• _WHAT THE TASK ASKS_:
Could you retype the whole listing word for word and drop the images?

• _SUPPLIED DATA_:
= Beginning of Section =
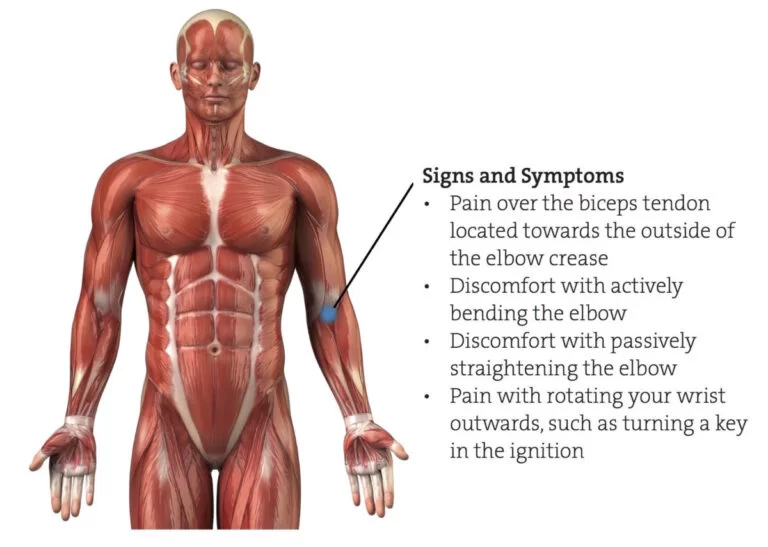 symptoms of biceps tightness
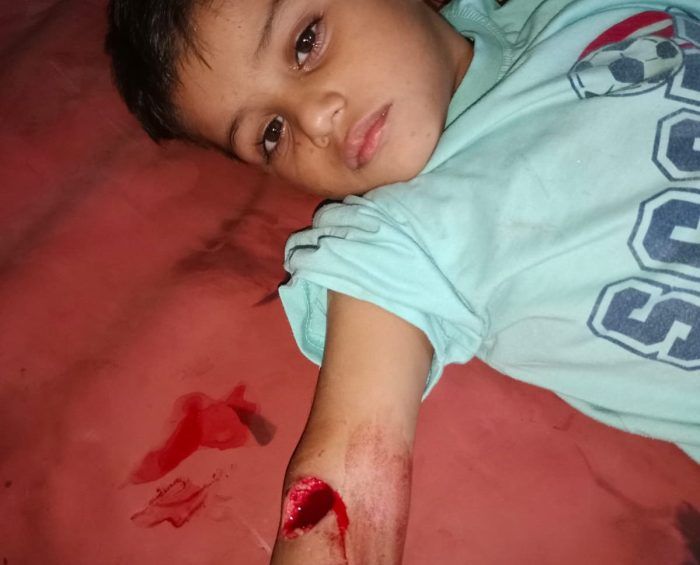 खूंखार बंदर ने 4 वर्षीय मासूम को दांतों से काट काट कर कर दिए जख्म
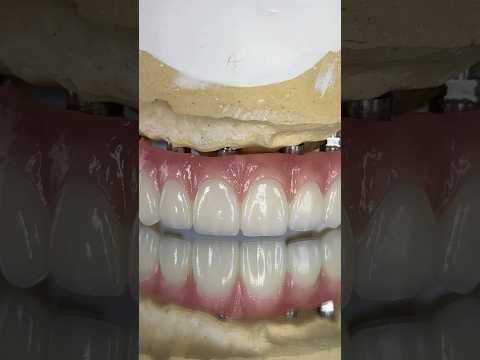 Full Mouth Zirconia Arch Implants #lsk121shorts #dentist #teeth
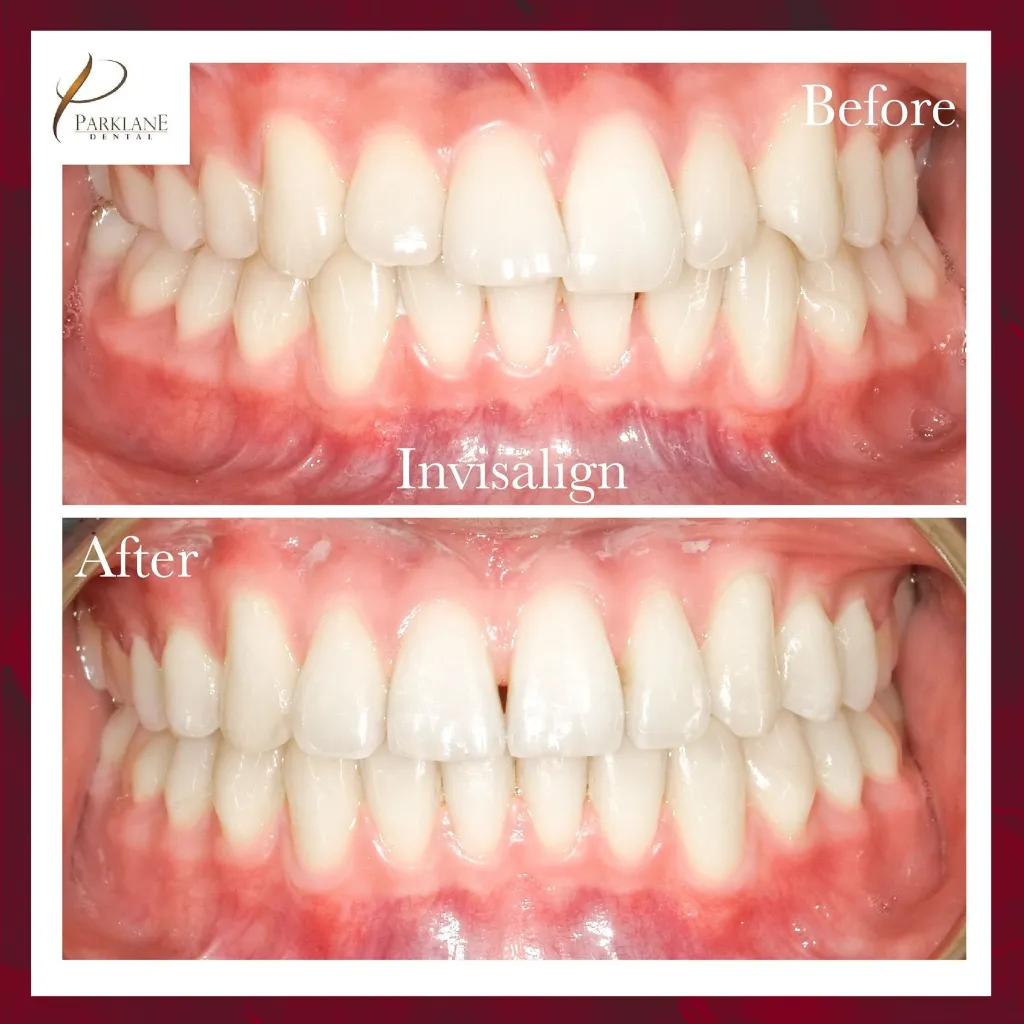 Invisalign Image Invisalign Smile Gallery | Before & After's | Parklane Dental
= End of Section =
• _THE COMPLETED TASK_:
 symptoms of biceps tightness
 खूंखार बंदर ने 4 वर्षीय मासूम को दांतों से काट काट कर कर दिए जख्म
 Full Mouth Zirconia Arch Implants #lsk121shorts #dentist #teeth
 Invisalign Image Invisalign Smile Gallery | Before & After's | Parklane Dental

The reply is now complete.